After three decades in the business, Amber Valletta is taking her next step as the Fashion Institute of Technology’s new sustainability ambassador. Though she’ll be the first to hold the position at the university, the new job is a natural progression for Valletta. Discovered as a model at just 17, she became part of the original group of ’90s Supers. For the better part of the past decade, though, she’s also become an activist for sustainable and ethical practices in the fashion industry. She’s built up her platform; now it’s time to pay it forward to the next generation. “This is the most inspiring work I’ve done in a long time,” she says. “To be able to learn something new and be on the cutting edge of innovation and education, and seeing the possibilities, and how these young people are thinking.”

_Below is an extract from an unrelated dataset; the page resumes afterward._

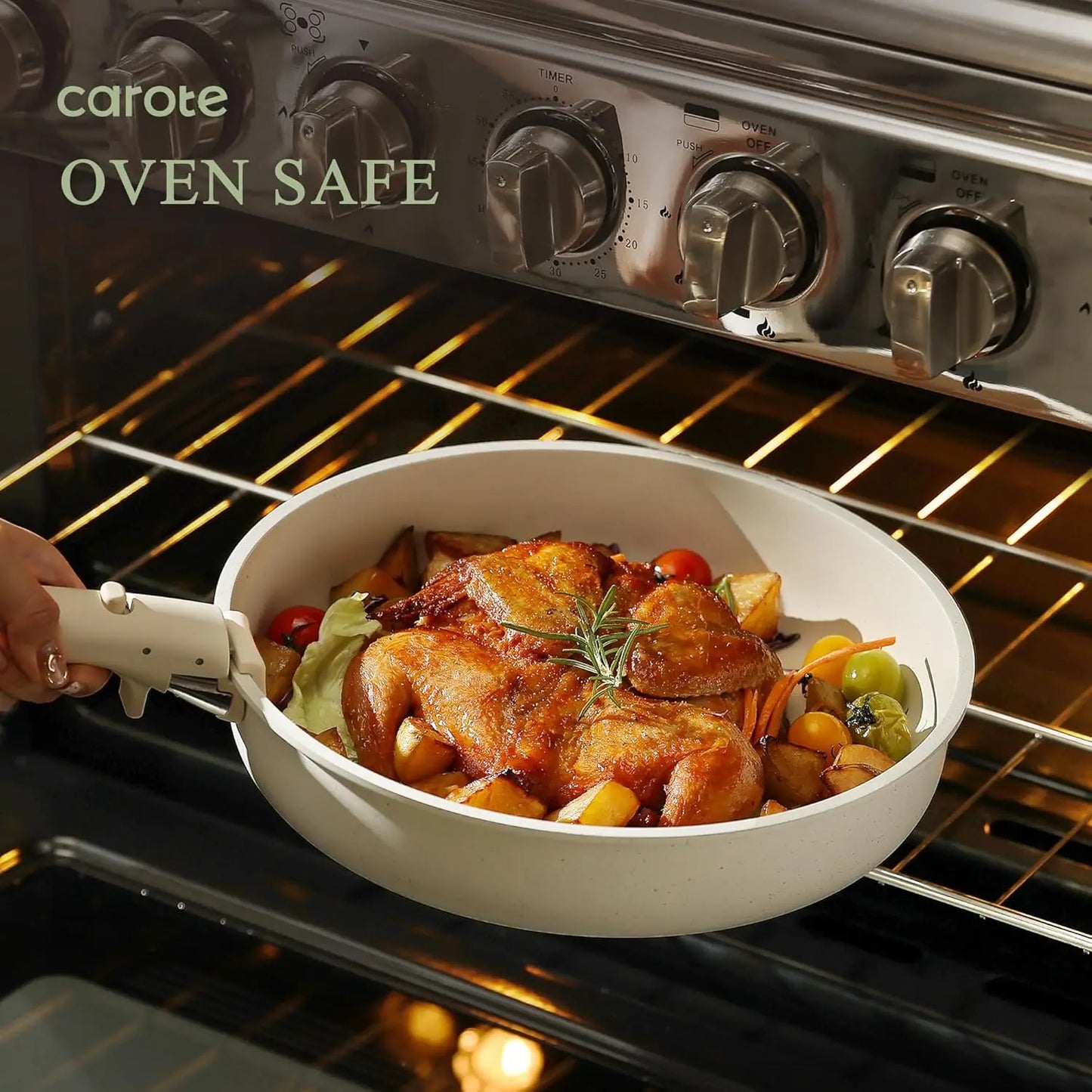 12 Piece Nonstick Pots And Pans Set With Removable Handle Induction Oven Safe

Valletta started working with FIT in 2019. Along with serving as a board member, she’s hosted two Awards Galas focusing on sustainability and innovation, and delivered the keynote speech at the 2019 Innovation in Sustainability Conference. In her new role, she will raise money for the university’s Sustainability Fund, audit classes, and leverage her considerable experience and network in the industry to benefit both the students and the school. “Over the years, Amber has been deeply involved in FIT’s sustainability initiatives both on and off campus and has quickly become a close friend of the college,” said FIT president Dr. Joyce F. Brown in a statement. “She is also a dedicated and respected advocate and activist, which makes naming her our first official sustainability ambassador a natural and easy decision. We are proud to have her represent our community and help us continue to make a lasting impact on the world around us.”

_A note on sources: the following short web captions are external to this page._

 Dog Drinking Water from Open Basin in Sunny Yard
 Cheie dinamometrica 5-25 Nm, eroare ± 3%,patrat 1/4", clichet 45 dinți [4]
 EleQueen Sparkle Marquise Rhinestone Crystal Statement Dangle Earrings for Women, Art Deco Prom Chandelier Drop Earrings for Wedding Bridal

The chance to take classes alongside students is a special bonus for Valletta. Last semester, she audited a class on biodesign—in other words, growing materials in labs—with Professor Evelyn Rynkiewicz. “I actually asked if I could test along with the kids and, unfortunately, I’m not enrolled in that way,” she says, laughing. “But I’m thinking maybe, if I continue to do this, maybe I’ll go back to school.” She may not get to take a test, but biodesign will be a key focus for her first few tasks as sustainability ambassador. During this October’s Sustainability Awareness Week, she will moderate a roundtable discussion with students on biotechnology and the future of fashion. She’ll also help mentor and connect students with her peers in the industry for the upcoming Biodesign Challenge.

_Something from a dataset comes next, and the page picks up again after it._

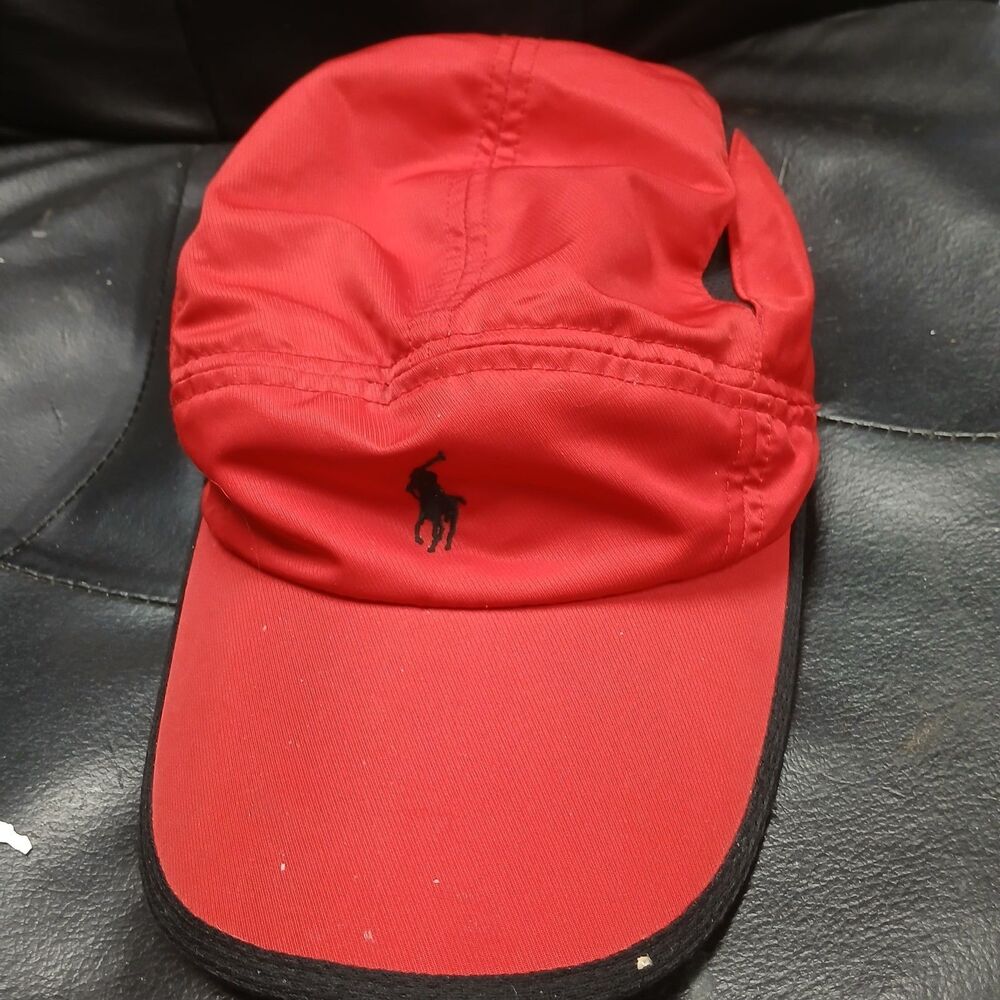 Polo Ralph Lauren Golf Hat Red Black Pony Dad Cap Vintage Prep Old Money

Ultimately, Valletta wants to use her standing in the industry to nurture the next generation of talent. “I think about [success] in terms of raising awareness, building the sustainability fund so that it could build a new lab or something like that, and making deeper connections with these students and alumni,” she says. “I have 30 years experience in this industry; I know a lot of people and can make connections. Whether it’s introducing investors to a new biotechnology, or placing someone who would be great in PR, or myself working with a young student on problem solving. To me, those are the successes. And learning, too, for me. That’s how we grow and change, is by learning new things.”